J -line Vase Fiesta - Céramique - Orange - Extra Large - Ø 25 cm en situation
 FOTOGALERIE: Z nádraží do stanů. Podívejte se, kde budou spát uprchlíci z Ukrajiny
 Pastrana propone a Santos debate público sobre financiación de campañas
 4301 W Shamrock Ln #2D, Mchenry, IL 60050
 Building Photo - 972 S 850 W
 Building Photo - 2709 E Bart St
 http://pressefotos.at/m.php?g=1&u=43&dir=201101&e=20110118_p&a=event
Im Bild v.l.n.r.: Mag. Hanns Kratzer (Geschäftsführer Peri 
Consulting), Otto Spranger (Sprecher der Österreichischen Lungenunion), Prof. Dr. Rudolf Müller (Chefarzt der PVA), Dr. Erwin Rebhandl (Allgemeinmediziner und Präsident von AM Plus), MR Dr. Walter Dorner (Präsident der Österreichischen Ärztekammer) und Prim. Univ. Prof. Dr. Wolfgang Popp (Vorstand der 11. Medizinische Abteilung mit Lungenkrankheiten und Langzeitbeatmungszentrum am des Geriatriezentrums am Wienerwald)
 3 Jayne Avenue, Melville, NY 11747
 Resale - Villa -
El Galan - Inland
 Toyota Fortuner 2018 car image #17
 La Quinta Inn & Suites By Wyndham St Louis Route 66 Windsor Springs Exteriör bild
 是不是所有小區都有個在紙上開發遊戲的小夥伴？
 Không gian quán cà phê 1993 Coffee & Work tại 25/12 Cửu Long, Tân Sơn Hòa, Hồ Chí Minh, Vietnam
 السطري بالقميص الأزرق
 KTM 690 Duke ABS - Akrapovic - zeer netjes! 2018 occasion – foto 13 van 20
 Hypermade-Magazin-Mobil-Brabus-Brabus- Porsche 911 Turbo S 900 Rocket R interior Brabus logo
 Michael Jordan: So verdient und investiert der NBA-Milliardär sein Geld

--

* [WHAT TO WORK ON]: Scan the material above for "Photo". Copy every line where it appears.

* [TASK RESULT]:
 Building Photo - 972 S 850 W
 Building Photo - 2709 E Bart St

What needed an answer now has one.